Top of DATA

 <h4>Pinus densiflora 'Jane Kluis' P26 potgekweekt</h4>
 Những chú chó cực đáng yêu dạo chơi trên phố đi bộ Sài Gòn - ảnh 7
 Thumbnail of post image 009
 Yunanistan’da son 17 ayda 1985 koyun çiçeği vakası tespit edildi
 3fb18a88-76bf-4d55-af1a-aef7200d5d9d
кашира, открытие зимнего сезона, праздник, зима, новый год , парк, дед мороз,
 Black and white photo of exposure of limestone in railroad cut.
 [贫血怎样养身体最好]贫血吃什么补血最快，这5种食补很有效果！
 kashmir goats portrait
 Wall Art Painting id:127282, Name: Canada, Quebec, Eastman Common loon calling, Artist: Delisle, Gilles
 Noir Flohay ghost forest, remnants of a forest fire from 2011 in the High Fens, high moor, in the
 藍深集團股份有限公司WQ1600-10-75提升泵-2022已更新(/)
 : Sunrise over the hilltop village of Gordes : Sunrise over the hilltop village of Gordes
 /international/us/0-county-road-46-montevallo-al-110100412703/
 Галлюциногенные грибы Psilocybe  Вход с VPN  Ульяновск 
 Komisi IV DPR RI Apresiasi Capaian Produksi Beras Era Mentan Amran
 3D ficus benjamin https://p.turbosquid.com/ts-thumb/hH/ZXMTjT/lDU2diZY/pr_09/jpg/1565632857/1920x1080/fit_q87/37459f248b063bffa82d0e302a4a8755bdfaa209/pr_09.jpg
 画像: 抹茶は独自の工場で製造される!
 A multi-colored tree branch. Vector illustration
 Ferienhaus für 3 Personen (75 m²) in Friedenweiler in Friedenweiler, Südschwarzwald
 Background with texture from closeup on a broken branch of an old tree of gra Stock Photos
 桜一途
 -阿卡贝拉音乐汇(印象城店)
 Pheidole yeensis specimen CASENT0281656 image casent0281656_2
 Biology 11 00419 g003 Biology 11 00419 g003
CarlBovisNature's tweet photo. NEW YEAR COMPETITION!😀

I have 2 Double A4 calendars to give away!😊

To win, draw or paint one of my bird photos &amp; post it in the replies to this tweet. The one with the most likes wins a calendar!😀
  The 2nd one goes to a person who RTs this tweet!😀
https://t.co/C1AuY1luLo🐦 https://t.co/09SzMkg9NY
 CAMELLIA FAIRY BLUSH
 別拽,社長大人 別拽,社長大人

Bottom of DATA

All of the data above should be reproduced verbatim.

SOLVED EXERCISE:
 <h4>Pinus densiflora 'Jane Kluis' P26 potgekweekt</h4>
 Những chú chó cực đáng yêu dạo chơi trên phố đi bộ Sài Gòn - ảnh 7
 Thumbnail of post image 009
 Yunanistan’da son 17 ayda 1985 koyun çiçeği vakası tespit edildi
 3fb18a88-76bf-4d55-af1a-aef7200d5d9d
кашира, открытие зимнего сезона, праздник, зима, новый год , парк, дед мороз,
 Black and white photo of exposure of limestone in railroad cut.
 [贫血怎样养身体最好]贫血吃什么补血最快，这5种食补很有效果！
 kashmir goats portrait
 Wall Art Painting id:127282, Name: Canada, Quebec, Eastman Common loon calling, Artist: Delisle, Gilles
 Noir Flohay ghost forest, remnants of a forest fire from 2011 in the High Fens, high moor, in the
 藍深集團股份有限公司WQ1600-10-75提升泵-2022已更新(/)
 : Sunrise over the hilltop village of Gordes : Sunrise over the hilltop village of Gordes
 /international/us/0-county-road-46-montevallo-al-110100412703/
 Галлюциногенные грибы Psilocybe  Вход с VPN  Ульяновск 
 Komisi IV DPR RI Apresiasi Capaian Produksi Beras Era Mentan Amran
 3D ficus benjamin https://p.turbosquid.com/ts-thumb/hH/ZXMTjT/lDU2diZY/pr_09/jpg/1565632857/1920x1080/fit_q87/37459f248b063bffa82d0e302a4a8755bdfaa209/pr_09.jpg
 画像: 抹茶は独自の工場で製造される!
 A multi-colored tree branch. Vector illustration
 Ferienhaus für 3 Personen (75 m²) in Friedenweiler in Friedenweiler, Südschwarzwald
 Background with texture from closeup on a broken branch of an old tree of gra Stock Photos
 桜一途
 -阿卡贝拉音乐汇(印象城店)
 Pheidole yeensis specimen CASENT0281656 image casent0281656_2
 Biology 11 00419 g003 Biology 11 00419 g003
CarlBovisNature's tweet photo. NEW YEAR COMPETITION!😀

I have 2 Double A4 calendars to give away!😊

To win, draw or paint one of my bird photos &amp; post it in the replies to this tweet. The one with the most likes wins a calendar!😀
  The 2nd one goes to a person who RTs this tweet!😀
https://t.co/C1AuY1luLo🐦 https://t.co/09SzMkg9NY
 CAMELLIA FAIRY BLUSH
 別拽,社長大人 別拽,社長大人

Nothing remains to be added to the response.